-- RECORD SET follows --

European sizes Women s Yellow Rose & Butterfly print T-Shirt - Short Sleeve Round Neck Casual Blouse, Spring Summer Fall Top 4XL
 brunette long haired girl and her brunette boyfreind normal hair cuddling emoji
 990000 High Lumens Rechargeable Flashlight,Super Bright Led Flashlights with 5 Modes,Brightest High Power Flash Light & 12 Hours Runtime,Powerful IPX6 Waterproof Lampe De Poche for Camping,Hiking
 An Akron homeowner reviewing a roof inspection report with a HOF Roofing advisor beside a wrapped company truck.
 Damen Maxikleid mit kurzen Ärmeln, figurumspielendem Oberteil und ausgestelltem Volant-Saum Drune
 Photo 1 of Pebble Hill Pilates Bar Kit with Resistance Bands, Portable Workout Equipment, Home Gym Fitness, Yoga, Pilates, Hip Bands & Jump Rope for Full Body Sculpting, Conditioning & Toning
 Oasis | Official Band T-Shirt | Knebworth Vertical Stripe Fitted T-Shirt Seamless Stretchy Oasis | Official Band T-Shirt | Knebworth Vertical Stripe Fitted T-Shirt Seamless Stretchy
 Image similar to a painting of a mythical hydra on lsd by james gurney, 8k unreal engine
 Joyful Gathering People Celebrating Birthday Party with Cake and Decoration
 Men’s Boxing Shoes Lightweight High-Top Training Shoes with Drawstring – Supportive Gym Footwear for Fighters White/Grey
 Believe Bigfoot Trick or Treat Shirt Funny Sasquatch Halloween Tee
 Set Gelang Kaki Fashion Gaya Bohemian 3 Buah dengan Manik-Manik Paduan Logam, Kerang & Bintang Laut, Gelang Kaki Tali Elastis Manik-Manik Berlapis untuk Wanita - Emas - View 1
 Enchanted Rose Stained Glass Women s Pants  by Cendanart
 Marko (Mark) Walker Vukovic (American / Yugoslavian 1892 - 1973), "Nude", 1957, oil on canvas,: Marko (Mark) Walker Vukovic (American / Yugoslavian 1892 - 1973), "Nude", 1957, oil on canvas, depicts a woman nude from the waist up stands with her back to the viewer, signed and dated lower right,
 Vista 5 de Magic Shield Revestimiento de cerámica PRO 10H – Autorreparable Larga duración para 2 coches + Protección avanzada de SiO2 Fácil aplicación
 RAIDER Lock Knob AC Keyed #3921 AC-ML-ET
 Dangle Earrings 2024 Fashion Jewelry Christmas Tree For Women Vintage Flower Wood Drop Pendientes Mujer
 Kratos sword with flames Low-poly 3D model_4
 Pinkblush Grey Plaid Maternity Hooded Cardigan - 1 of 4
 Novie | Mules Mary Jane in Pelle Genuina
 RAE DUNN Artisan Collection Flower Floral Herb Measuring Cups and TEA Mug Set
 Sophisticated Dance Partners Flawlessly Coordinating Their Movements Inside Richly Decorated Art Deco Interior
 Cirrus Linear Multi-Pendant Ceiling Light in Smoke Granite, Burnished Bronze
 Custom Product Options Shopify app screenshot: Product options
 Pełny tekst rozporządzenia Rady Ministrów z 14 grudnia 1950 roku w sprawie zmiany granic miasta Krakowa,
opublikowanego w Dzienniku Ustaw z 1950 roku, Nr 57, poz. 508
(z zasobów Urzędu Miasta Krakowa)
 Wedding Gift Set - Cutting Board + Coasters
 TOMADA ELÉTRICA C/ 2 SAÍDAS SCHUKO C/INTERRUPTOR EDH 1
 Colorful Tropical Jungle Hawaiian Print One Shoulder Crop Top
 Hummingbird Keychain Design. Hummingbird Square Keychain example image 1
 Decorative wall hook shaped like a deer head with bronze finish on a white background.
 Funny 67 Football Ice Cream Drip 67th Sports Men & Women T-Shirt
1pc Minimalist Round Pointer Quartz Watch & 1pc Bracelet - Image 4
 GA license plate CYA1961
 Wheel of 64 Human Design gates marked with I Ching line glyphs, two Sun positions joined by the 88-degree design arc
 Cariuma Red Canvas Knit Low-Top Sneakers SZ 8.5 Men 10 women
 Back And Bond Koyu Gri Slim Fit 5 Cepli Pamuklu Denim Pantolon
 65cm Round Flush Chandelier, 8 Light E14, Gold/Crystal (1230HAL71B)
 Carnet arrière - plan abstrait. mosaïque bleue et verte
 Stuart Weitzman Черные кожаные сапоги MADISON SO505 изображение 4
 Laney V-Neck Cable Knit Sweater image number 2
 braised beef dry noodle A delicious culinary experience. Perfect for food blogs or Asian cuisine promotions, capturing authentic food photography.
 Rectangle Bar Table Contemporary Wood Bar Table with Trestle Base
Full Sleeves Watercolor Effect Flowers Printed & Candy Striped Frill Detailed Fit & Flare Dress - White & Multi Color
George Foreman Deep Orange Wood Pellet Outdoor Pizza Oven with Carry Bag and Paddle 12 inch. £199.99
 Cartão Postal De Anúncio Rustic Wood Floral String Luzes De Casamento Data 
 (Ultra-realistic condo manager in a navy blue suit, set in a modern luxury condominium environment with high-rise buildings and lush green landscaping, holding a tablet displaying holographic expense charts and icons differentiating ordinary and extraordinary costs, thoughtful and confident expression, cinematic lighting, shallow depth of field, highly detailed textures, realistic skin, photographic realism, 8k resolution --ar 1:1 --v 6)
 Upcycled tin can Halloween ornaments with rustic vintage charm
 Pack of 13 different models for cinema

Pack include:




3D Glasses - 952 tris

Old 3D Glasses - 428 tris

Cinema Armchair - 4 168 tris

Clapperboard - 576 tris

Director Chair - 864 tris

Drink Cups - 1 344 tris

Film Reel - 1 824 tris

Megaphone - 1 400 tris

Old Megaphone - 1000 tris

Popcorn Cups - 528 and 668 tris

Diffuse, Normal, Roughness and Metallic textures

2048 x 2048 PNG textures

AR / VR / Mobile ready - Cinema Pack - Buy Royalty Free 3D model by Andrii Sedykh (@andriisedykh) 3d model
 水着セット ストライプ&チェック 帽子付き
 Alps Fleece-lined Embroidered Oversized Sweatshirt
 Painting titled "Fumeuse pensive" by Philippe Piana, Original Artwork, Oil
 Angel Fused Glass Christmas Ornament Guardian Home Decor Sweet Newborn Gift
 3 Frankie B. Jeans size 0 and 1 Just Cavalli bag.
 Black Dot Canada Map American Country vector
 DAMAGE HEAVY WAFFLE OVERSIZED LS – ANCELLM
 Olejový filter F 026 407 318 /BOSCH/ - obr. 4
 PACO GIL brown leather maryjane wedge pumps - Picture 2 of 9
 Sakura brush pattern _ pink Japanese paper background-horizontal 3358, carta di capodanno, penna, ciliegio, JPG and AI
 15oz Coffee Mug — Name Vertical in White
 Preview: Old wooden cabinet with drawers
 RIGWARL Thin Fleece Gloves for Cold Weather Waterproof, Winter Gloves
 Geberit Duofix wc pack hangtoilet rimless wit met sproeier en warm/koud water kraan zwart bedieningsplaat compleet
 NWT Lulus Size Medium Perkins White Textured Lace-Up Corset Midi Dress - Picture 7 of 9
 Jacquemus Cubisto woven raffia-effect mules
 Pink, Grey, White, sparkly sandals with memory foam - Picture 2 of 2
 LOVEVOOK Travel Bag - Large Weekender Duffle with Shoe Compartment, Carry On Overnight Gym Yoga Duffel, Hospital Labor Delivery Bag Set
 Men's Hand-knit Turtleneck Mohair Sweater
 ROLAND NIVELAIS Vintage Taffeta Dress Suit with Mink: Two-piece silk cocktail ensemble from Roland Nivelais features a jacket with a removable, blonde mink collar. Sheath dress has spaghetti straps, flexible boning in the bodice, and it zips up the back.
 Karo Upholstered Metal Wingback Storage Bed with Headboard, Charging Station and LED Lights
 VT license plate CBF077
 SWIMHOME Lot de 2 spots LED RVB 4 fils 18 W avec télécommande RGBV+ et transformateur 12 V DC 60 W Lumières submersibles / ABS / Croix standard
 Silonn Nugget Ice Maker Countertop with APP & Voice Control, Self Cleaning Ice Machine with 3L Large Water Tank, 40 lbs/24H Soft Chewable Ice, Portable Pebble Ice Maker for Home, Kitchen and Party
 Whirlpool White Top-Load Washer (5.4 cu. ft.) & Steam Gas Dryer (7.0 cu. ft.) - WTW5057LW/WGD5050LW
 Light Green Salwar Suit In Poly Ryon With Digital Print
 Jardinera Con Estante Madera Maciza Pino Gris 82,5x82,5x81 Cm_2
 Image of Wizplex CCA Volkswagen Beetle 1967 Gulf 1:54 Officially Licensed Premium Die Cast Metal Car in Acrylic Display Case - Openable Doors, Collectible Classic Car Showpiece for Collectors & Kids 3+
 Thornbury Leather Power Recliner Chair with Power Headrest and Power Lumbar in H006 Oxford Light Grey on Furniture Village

-- RECORD SET concluded --

Beginning with the line above that contains "Wedding Gift Set - Cutting Board + Coasters", copy each line exactly up to and including the line that contains "Rectangle Bar Table", and go no further.

 Wedding Gift Set - Cutting Board + Coasters
 TOMADA ELÉTRICA C/ 2 SAÍDAS SCHUKO C/INTERRUPTOR EDH 1
 Colorful Tropical Jungle Hawaiian Print One Shoulder Crop Top
 Hummingbird Keychain Design. Hummingbird Square Keychain example image 1
 Decorative wall hook shaped like a deer head with bronze finish on a white background.
 Funny 67 Football Ice Cream Drip 67th Sports Men & Women T-Shirt
1pc Minimalist Round Pointer Quartz Watch & 1pc Bracelet - Image 4
 GA license plate CYA1961
 Wheel of 64 Human Design gates marked with I Ching line glyphs, two Sun positions joined by the 88-degree design arc
 Cariuma Red Canvas Knit Low-Top Sneakers SZ 8.5 Men 10 women
 Back And Bond Koyu Gri Slim Fit 5 Cepli Pamuklu Denim Pantolon
 65cm Round Flush Chandelier, 8 Light E14, Gold/Crystal (1230HAL71B)
 Carnet arrière - plan abstrait. mosaïque bleue et verte
 Stuart Weitzman Черные кожаные сапоги MADISON SO505 изображение 4
 Laney V-Neck Cable Knit Sweater image number 2
 braised beef dry noodle A delicious culinary experience. Perfect for food blogs or Asian cuisine promotions, capturing authentic food photography.
 Rectangle Bar Table Contemporary Wood Bar Table with Trestle Base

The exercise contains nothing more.